Buraya kadar laf olsun diye yazılmış bir blog izlenimi verdiğinin farkındayım.
Güncelerimi yayımlamak gibi bir niyetim olmamıştı daha önce ama postmodern mahremiyetin bir parçasıyım artık. Alışmaya çalışıyorum. Yabancılık çekmemek için yazının devamında birine sarmalı.

Ah be iskender,
sana küfür mü etsem teşekkür mü?
Beni en iyi sen anlarmışsın gibime geliyor; sana ait geometrik şeklin yansıması farklı olsa da, bakış açılarımız aynı.
İnsanlığın birbiriyle anlaşabilme yolunda basite indirgenmiş bir lugat yaratmış olmamız bile beşeri münasebetlerdeki başarısızlıkları ortadan kaldırmaya yetecek kadar açıklayıcı ve öz değil, kısa olmalarının yanında...
“Teşekkür ederim.” ve buna eklenmiş birkaç kelimeden öte tepki yok, ama lanet okuma, küfretme, olumsuz tepkiler verme konusunda ansiklopedi dolduracak kadar argümanımız var.

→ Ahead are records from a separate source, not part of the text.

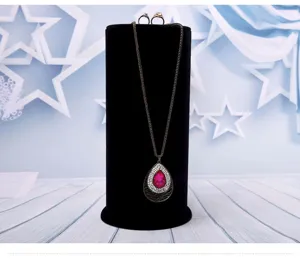 Black velvet jewelry display stand cylinder holder with elegant teardrop crystal necklace.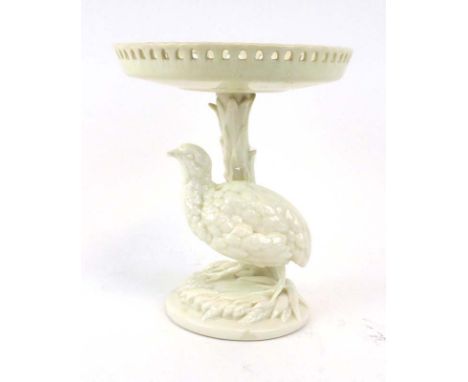 A Royal Worcester blanc de chine tazza, the base modelled as a standing bird, h. 20 cm CONDITION REPORT: Plateau has been ove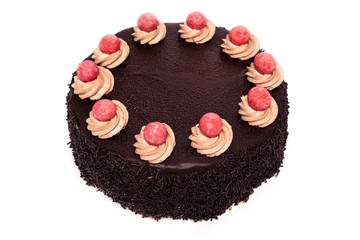Delicious chocolate cake isolated on white background .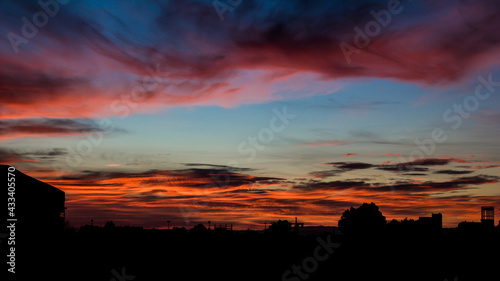 Sun rise with a black silhouette of some buildings and a very beautiful colored cloudy sky blue and orange © YomaOfficial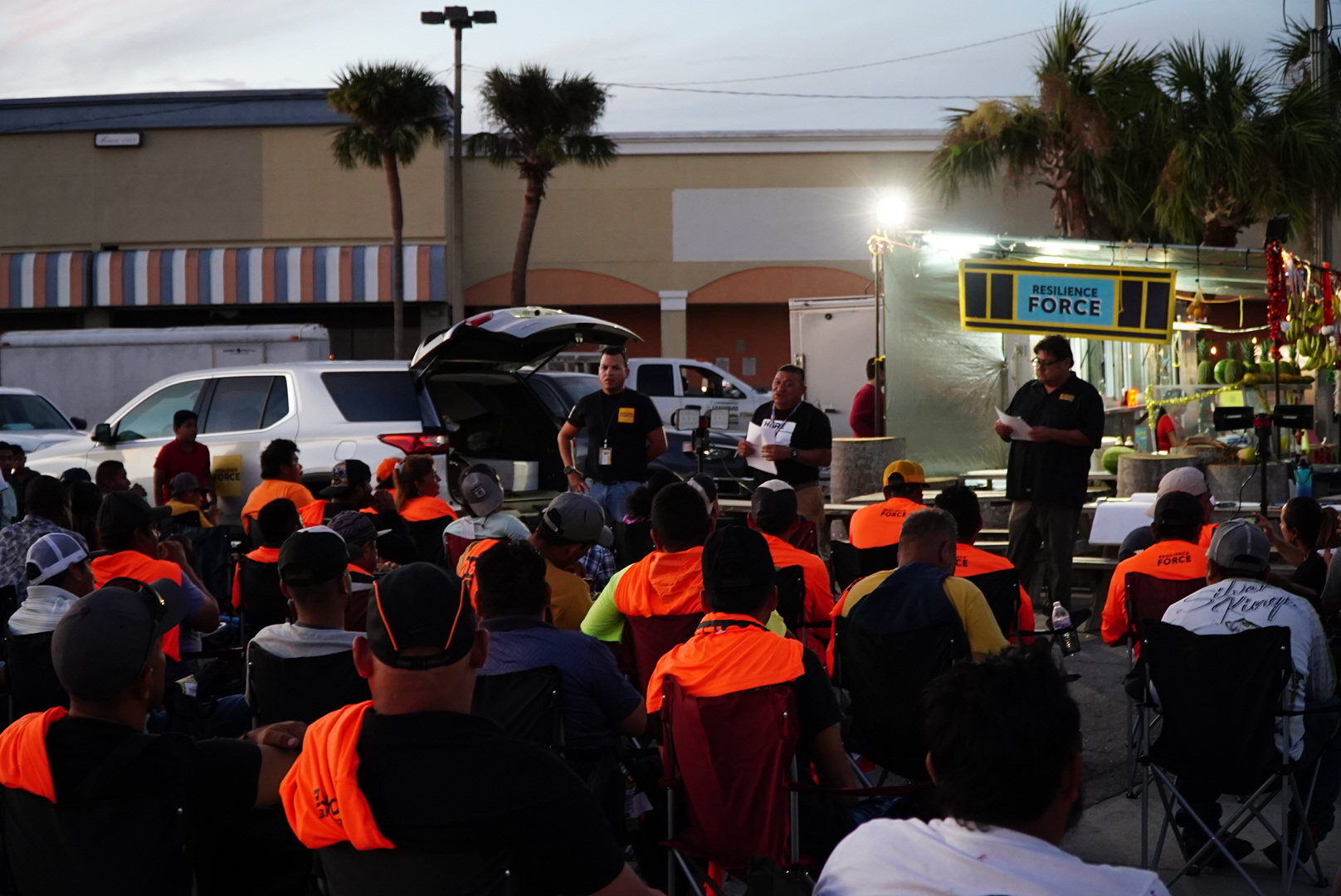 Resilience Force activist and former disaster restoration worker, Mariano, stands in the middle of his two co-workers holding documents while speaking to workers in November 2022, two months after Hurricane Ian devastated the region. Scores of disaster restoration workers, some dressed in bright orange long sleeve shirts, listen during the first worker meeting organized by Resilience Force in Fort Myers, post-Ian. (Jiahui Huang/Columbia Journalism Investigations)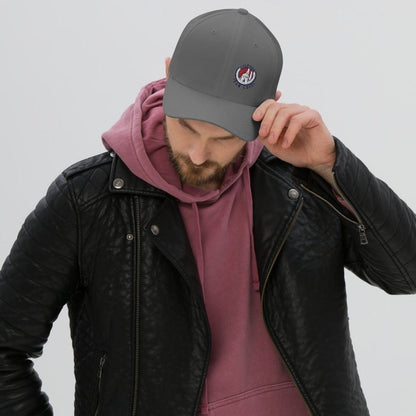A person wearing a gray baseball cap with a Atletico San Luis logo, red hoodie, and black leather jacket.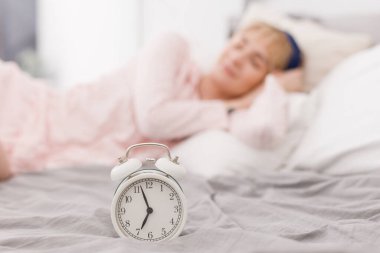 Beyaz saat ve pembe pijamalı bir kadın yatakta uyuyor.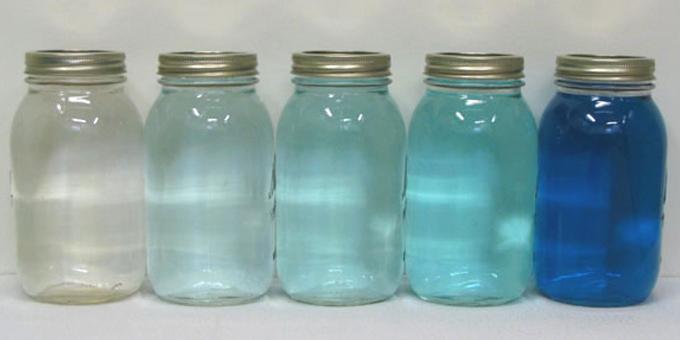 A series of jars with a spectrum of tinted blue liquid from clear to dark.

Bugün başlamış olmak bu kağıt hışırtısından yoksun, ctrl alt ve enter saydamlığındaki camın yüzüme vuran beyaz ışığında; günü gününe değilse de mühim hikayelerin yer edeceği bir bilinçaltı yolu, yukarı blog mahallesi sürgünü olarak bu işe bulaşmış olmaktan mutluyum.

Tarih de pek bir anlamlı bugün. Ocak 18, Martin Luther King değerinde ve 10 ay sonrasında aynı günü paylaşıyor olmamıza moronca sevinmem; kendisinin Michael Jackson'dan sonra en çok tanışmayı istediğim kişi olmasındandır. Tabi asıl tarihin ocak ayının üçüncü pazarı kapsamında 18 rakamıyla ilintili olmayan bir gün olması, her zaman benim doğduğum güne denk gelmeyeceği anlamına gelir ki, bu da içime su serpmiştir. (kandırma kuvveti. bkz. inandırıcılık ölçü birimi.)

Olsun. I still have a dream.

"Yayınla" diyecektim ki, belki de iyi bir final için american history x' deki derek'in öğüdünü tutmak ve yazıyı alıntı ile bitirmek gerekir; "çünkü sizden önce birisi mutlaka daha iyisini söylemiştir."